- _What you have to do_
Copy exactly, and only, the lines from the line containing "how to select" through the last line of the records below, both included, and leave out any pictures.

Data excerpts:
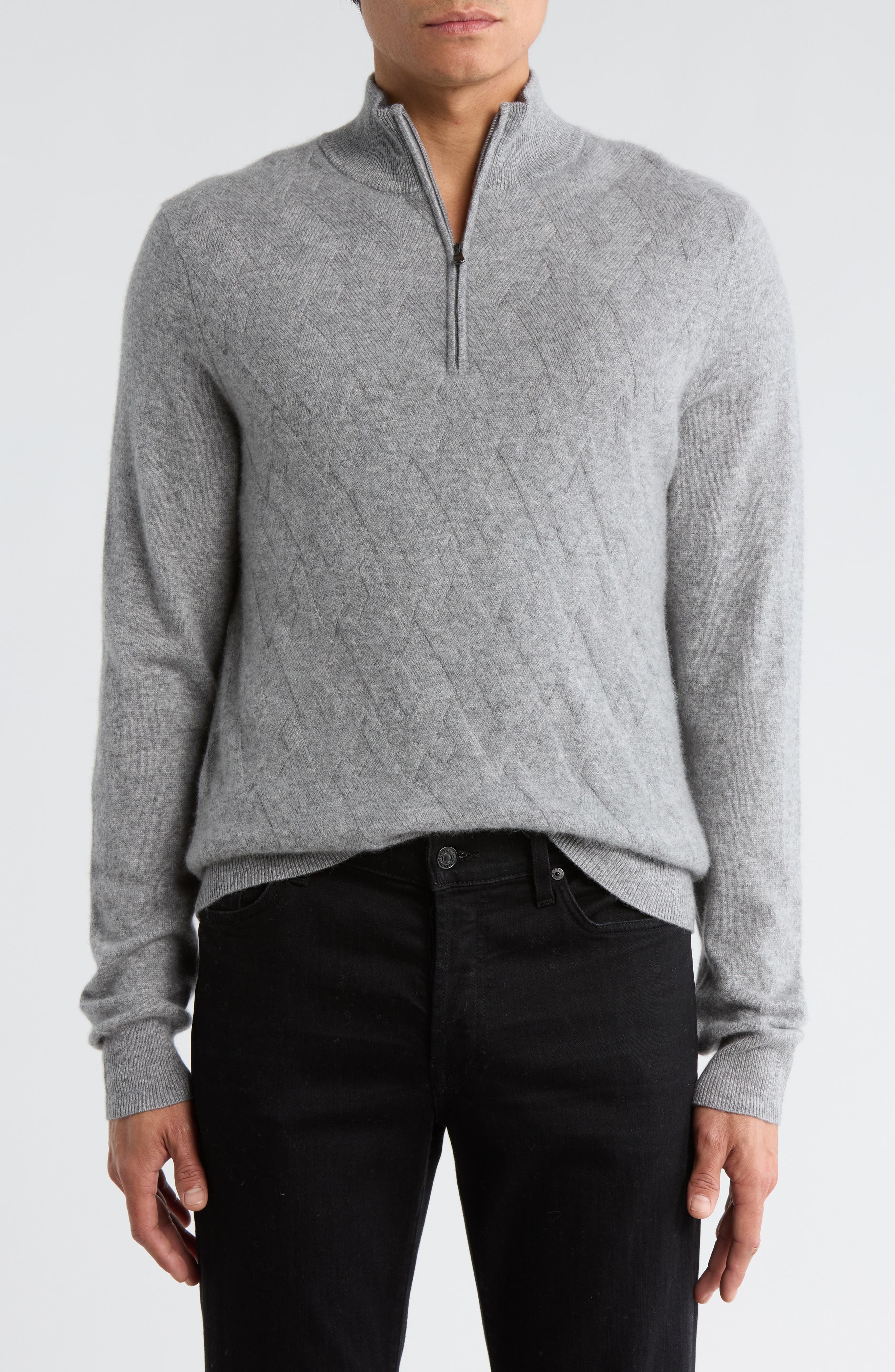 Amicale Jacquard Cashmere Quarter Zip Sweater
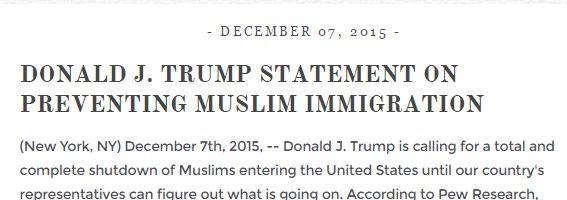 This statement is still on Trump’s site.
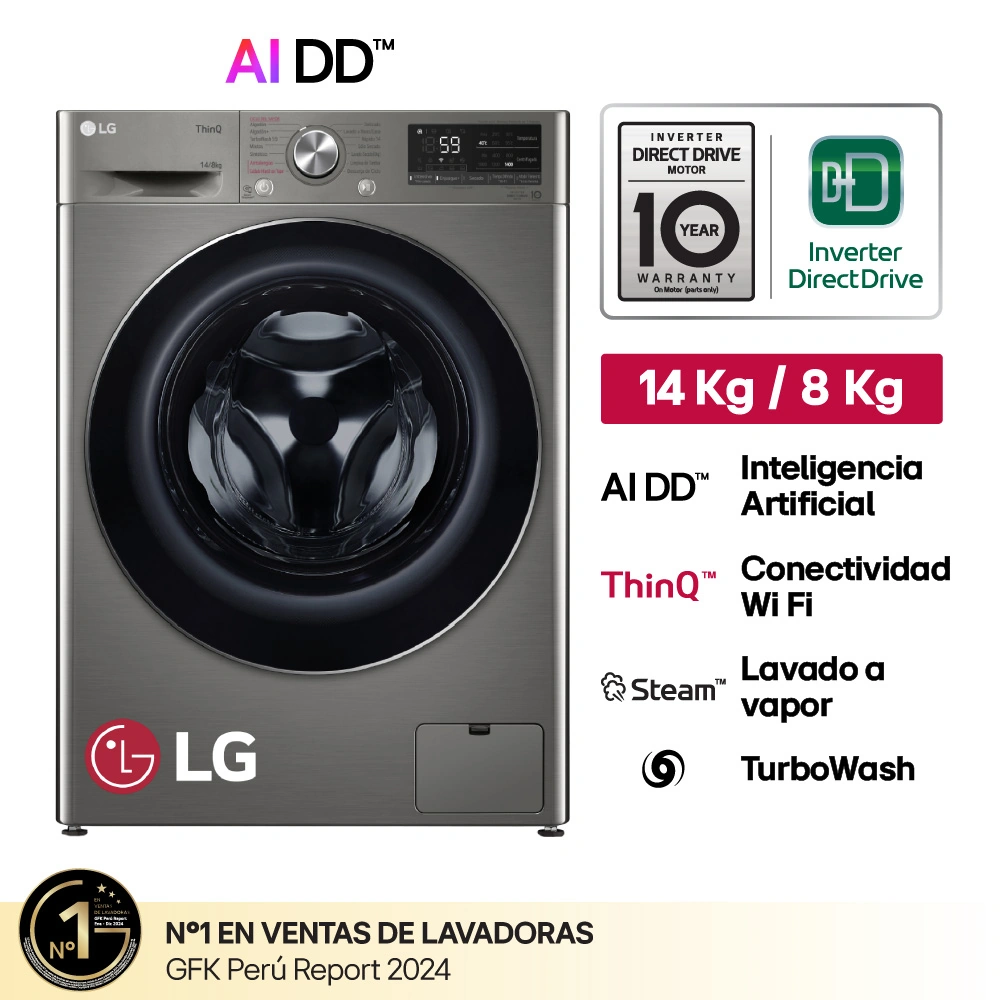 LAVASECA LG CARGA FRONTAL 14 KG 8 KG AI DD INTELIGENCIA ARTIFICIAL WD14PVC4S6C PLATEADO - 1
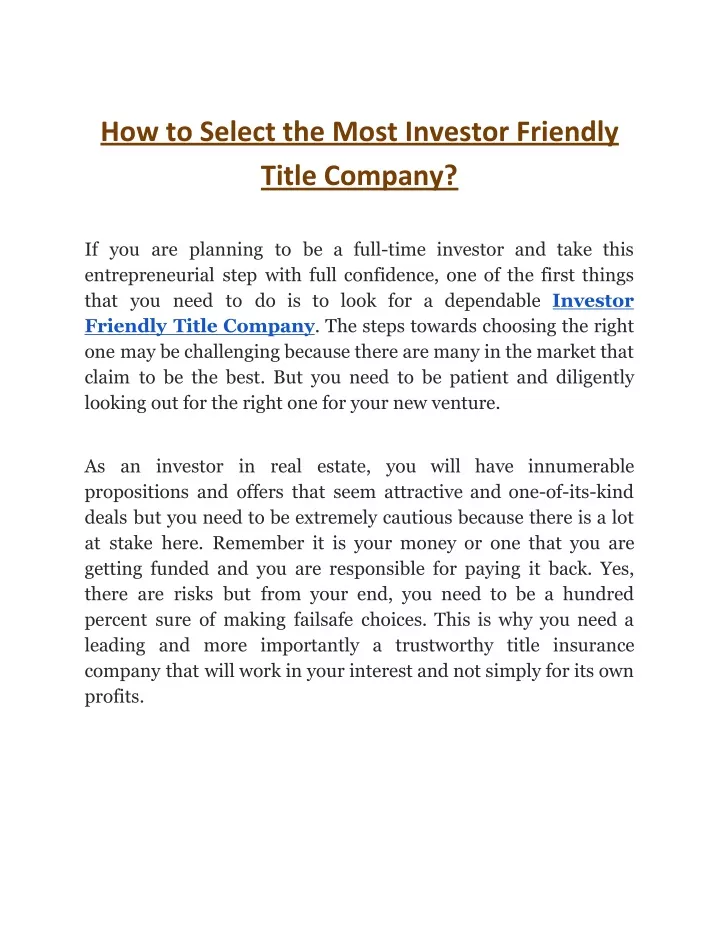how to select the most investor friendly title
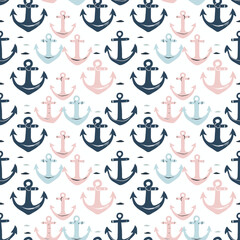 Anchors seamless pattern. Can be used for gift wrapping, wallpaper, background
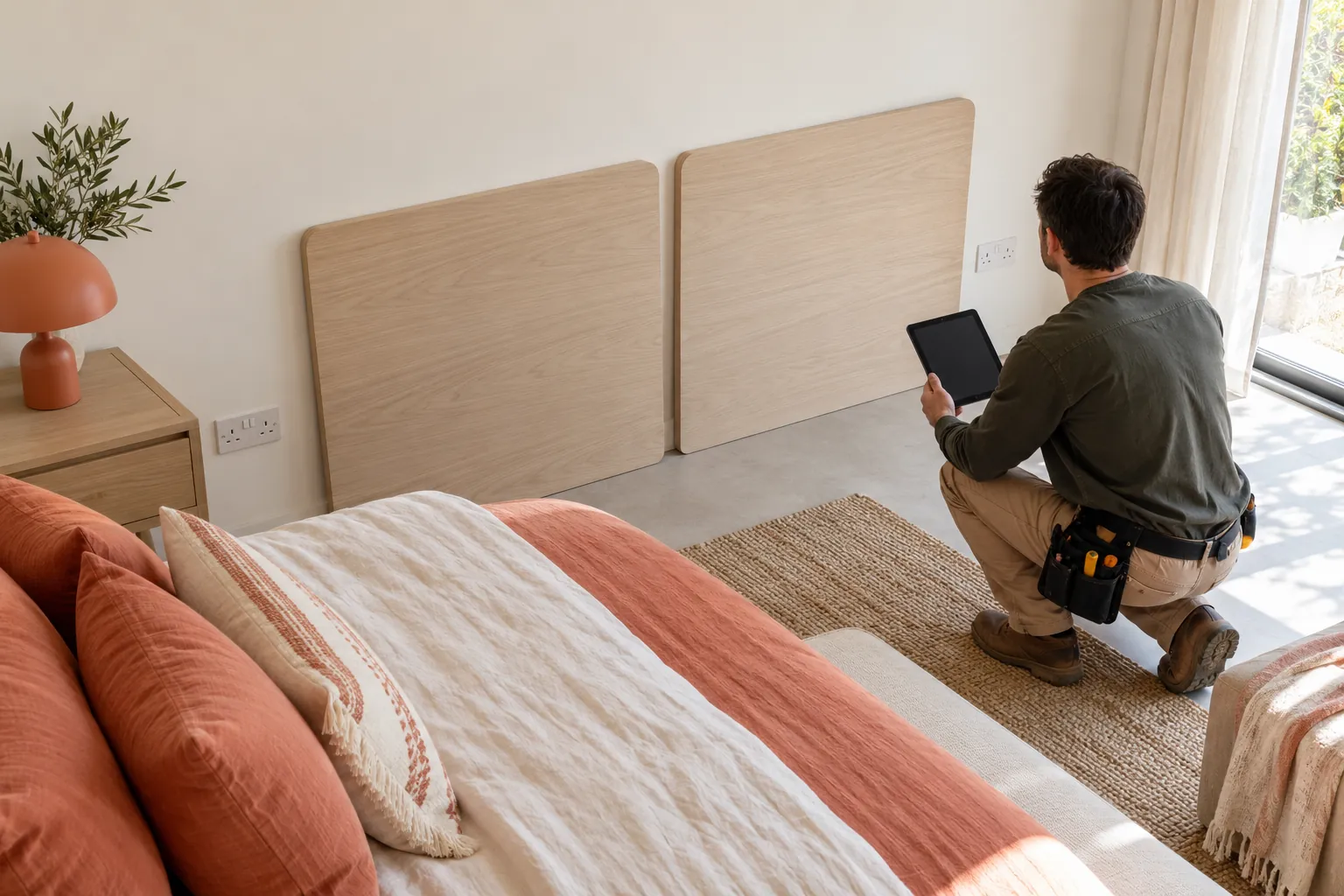 Installer reviewing pale wall panels beside a coral-toned bed.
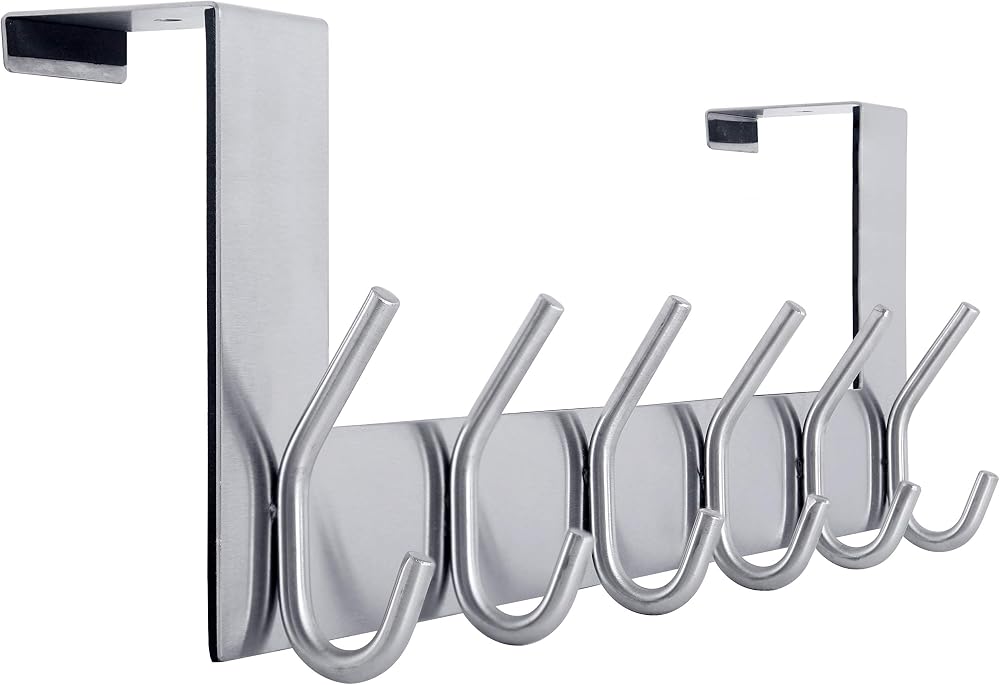 WEBI Over The Door Hook 6-Hook Hanger Stainless Steel Silver 39x11.5x8 cm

- _Exercise output_
how to select the most investor friendly title
 Anchors seamless pattern. Can be used for gift wrapping, wallpaper, background
 Installer reviewing pale wall panels beside a coral-toned bed.
 WEBI Over The Door Hook 6-Hook Hanger Stainless Steel Silver 39x11.5x8 cm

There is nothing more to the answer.